Open tdudgeon opened 7 years ago

tdudgeon commented 7 years ago

Project

Approaches to scaling out Nextflow. Comparing running in Kubernetes and HPC environments.

Data:

A few examples of workflows can be found here, but no specific large size datasets will be needed.

Computing resources:

I expect this will mostly be working out how to try things out on different environments, rather than trying to execute any particular HPC workflows, but if access to a small Kubernetes cluster was possible that would be useful. Same for HPC environments.

Project Lead:

Tim Dudgeon. Assistance from people familiar with using Nextflow in these environments would be useful.

pditommaso commented 7 years ago

This issue may be related https://github.com/nextflow-io/nextflow/issues/446

tdudgeon commented 7 years ago

We handled this as part of #11 as AWS batch is one of the suitable systems for running large jobs.

One thing discussed was that it would be useful to have a section in the docs that compares the different executors (differences, pros, cons etc.).

tdudgeon commented 7 years ago

Regarding Kubernetes the docs for the executor are here.

It states that a Nextflow each process is run as a pod and the node that runs that pod must contain the kubctl command line tool. This raises some questions:

  1. why as a pod and not a Kubernetes job?
  2. does NF provide a mechanism to select the node to run on using a selector (assuming you have a label(s) that can identify suitable nodes)? Also, which namespace in which to run? Another need might be to specify specialist capabilities like the node having support for GPU.
  3. When running on OpenShift (Red Hat's distribution of Kubernetes pods/jobs would want to be launched using the oc tool rather than kubectl

It will be interesting to investigate how running on Kubernetes compares with other executors. e.g. how does the Kubernetes scheduler and other aspects compare.

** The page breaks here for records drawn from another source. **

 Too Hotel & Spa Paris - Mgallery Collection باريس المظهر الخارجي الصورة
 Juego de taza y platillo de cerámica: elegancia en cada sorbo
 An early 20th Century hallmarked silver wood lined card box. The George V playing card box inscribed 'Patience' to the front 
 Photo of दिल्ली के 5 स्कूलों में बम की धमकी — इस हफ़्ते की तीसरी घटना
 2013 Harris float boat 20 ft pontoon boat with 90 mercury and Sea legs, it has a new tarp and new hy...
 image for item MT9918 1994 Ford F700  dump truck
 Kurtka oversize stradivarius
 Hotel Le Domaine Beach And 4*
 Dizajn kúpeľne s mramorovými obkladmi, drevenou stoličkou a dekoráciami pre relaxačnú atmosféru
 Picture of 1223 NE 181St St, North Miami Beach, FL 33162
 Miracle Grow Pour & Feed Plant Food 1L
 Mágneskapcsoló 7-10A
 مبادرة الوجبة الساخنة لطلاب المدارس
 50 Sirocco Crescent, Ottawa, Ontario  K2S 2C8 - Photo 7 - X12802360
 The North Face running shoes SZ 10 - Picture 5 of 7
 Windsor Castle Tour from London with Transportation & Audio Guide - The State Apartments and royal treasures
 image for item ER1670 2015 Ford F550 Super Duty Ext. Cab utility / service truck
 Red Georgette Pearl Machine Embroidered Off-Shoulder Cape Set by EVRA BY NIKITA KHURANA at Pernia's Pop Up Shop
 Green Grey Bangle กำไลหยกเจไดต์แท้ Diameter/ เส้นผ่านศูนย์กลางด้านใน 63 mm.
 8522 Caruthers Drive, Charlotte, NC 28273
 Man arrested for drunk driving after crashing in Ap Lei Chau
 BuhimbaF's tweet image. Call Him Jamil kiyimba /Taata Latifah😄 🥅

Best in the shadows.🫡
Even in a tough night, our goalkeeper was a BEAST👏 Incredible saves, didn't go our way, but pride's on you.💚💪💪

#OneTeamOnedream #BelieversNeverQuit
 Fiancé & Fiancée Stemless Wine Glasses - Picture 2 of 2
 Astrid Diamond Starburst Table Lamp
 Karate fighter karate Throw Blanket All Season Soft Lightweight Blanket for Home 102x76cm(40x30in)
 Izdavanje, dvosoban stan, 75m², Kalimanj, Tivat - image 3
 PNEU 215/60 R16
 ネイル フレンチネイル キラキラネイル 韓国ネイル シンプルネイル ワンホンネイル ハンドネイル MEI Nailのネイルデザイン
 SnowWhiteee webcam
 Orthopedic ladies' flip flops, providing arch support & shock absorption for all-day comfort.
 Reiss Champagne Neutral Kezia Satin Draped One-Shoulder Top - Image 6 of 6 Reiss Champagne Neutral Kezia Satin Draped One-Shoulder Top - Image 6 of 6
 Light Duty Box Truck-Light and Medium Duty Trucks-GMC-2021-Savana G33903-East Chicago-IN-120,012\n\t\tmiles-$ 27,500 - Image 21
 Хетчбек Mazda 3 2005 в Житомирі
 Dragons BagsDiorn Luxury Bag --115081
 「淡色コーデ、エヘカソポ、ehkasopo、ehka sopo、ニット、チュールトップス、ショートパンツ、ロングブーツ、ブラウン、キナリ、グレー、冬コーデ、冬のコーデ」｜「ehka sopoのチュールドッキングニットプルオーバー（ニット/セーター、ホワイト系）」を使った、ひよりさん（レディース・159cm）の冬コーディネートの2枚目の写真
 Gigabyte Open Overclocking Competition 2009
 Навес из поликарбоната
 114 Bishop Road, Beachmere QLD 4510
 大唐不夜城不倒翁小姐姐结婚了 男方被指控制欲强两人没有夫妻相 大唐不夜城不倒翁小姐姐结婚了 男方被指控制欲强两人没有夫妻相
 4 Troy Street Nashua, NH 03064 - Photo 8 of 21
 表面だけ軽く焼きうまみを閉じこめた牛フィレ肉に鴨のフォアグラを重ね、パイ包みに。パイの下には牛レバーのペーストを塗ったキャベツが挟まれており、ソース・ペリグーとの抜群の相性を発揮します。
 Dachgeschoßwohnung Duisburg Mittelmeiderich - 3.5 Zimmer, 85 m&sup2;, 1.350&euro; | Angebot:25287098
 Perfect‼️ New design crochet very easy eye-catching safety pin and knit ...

pditommaso commented 7 years ago

Hi Tim, regarding your points:

  1. when I first tried the Job specification I've noticed that when a job failed, it was rescheduled for re-execution even if the restart policy was set to Never (see here). The discussion was suggesting that was the correct behaviour (?) and frankly I don't know if it has been fixed or it still behave like that. I change to a pod because the error management strategy for failing task needs to be managed by NF.

  2. No, but we may want to have that feature. Currently this is delegated to the underlying cluster that should implement a queue concept.

  3. An even better solution could be to interact directly with the Kubernetes REST API. What do you think? or do you need to manage some specific OpenShift feature?